Ercole Pignatelli

ERCOLE PIGNATELLI: A BAROQUE LIFE

Curated by Antonella Mazza and Claudia Ponzi
Opening: 10 March 2026 | 5:00 PM – 9:00 PM
On view until 24 March 2026.

ERCOLE PIGNATELLI: A BAROQUE LIFE

A life lived passionately, without restraint, worthy of the plot of a novel or of a neorealist film by a great Italian director.

Ercole began painting at the age of seven, while he was in third grade.
As a young boy, he decided that he wanted to become a painter.
His eyes were filled with sun, beauty, passion, and torment.
To fulfil his dream, he knew he had to leave.
He arrived in Milan from Lecce by train on the morning of 20 November 1953.
He was 18 years old and had 7,000 lire in his pocket. He bought Corriere della Sera to look for a place to sleep, randomly pointed his pen at an advert, and called a phone number using a token.
He found a room for rent at Via Formentini 5, in Brera.
His destiny as an artist had already prepared an extraordinary welcome for him: his novel-like life, somewhere between La Bohème and Miracle in Milan, had already begun.

He leaves the house and, in the fog of Via Fiori Chiari, notices a great deal of movement: he is in the district of the brothels.
He bumps into the doorway of the Brera Academy of Fine Arts. Someone calls out to him: it is the painter Ettore Sordini, who invites him into Bar Jamaica, where he meets Salvatore Quasimodo, Lucio Fontana, and Milena Milani.
That very day, his life changes.
Milena Milani introduces him to her partner, Carlo Cardazzo, owner of Galleria del Naviglio in Milan and Galleria del Cavallino in Venice, who becomes his art dealer.

As soon as he arrived in Milan, he saw the banner announcing Pablo Picasso’s exhibition: Guernica was on display in the Sala delle Cariatidi at Palazzo Reale.
He was struck by that anti-Franco cry of pain, exhibited in a hall still marked by fires and bombings.
He would make a daily pilgrimage to contemplate Guernica until the end of the exhibition.
“That exhibition was unforgettable for me,” he recalls.
In that same place, in 2024, he paid tribute to Picasso by reinterpreting Guernica itself through Memento Amare Semper, a painting performance in which, over the course of 12 days, he created a universal denunciation of wars and fascism, into which he introduced a courageous pink dawn of hope.

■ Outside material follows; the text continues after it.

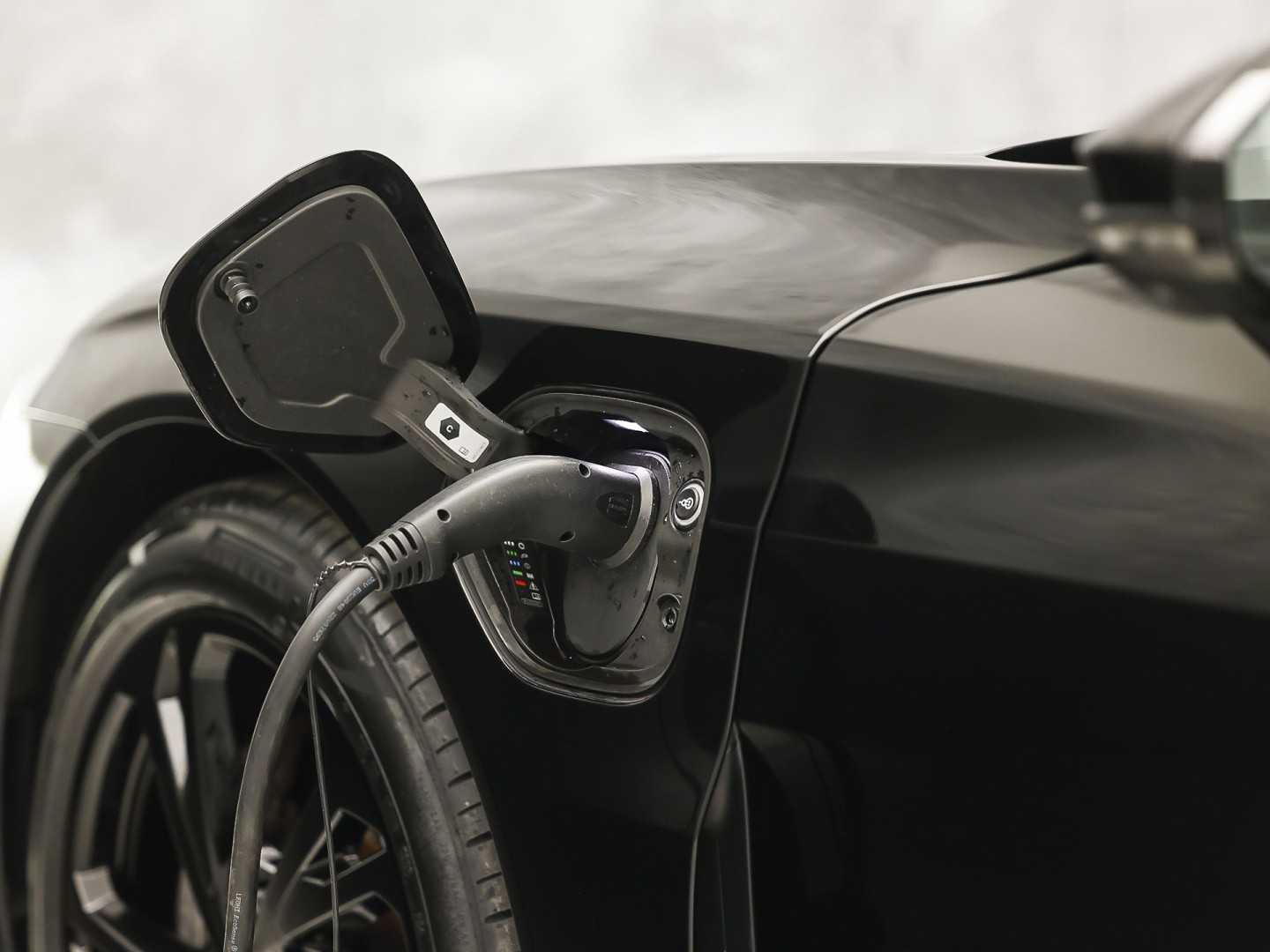 Audi e-tron GT GT 93 kWh Automaat 476Pk (PANORAMADAK, SOH 92,8%, APPLE CARPLAY, 360 CAMERA, MATRIX LED, BANG&OLUFSEN, ELEKTRISCHE STOELEN, STOELVERWARMING/KOELING, NIEUWSTAAT)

Milan immediately notices his roaring, irrepressible, and passionate energy.
In those years, the art world was relatively small, and the lives of young artists unfolded among the streets of Brera.
With great naturalness, he soon came to know everyone, winning them over with his extraordinary imagination and his free, playful spirit.
Ercole Pignatelli entered the Milanese artistic scene with a deeply personal mark, as well as the hearts of many artists and intellectuals of that time.
His surprising flashes of brilliance, his jokes, his self-irony, his vivid intelligence, his natural intuition, his uninhibited talent, and his great heart led him to form true friendships with figures who are now found in art history books and school textbooks.

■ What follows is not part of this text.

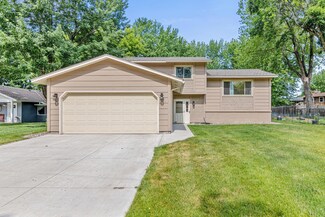 604 2nd St SE, Forest Lake, MN 55025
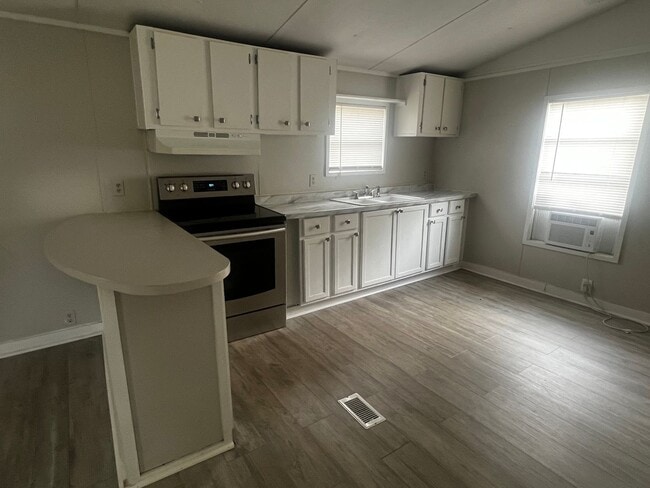 Photo - Commerce Park North Unit 3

The 1950s and 1960s in Brera were unrepeatable years: a concentration of personalities that would be astonishing even today.
Salvatore Quasimodo, Giorgio Kaisserlian, Piero Manzoni, Dino Buzzati, Roberto Crippa, Raffaele Carrieri, Migneco, Wifredo Lam, Franz Kline, Virgilio Guidi, and Lucio Fontana were dear friends of his. Ugo Mulas took his first photographic portraits.
Speaking of Dino Buzzati, he recalls: “We used to go to dinner three times a week with his wife Almerina, Cardazzo, and Raffaele Carrieri at Don Lisander in Via Manzoni. Later, Lucio Fontana, Massimo Campigli, Carlo Carrà, Crippa, Dova, Peverelli, Cassinari, and Morlotti would join us. Unforgettable evenings!”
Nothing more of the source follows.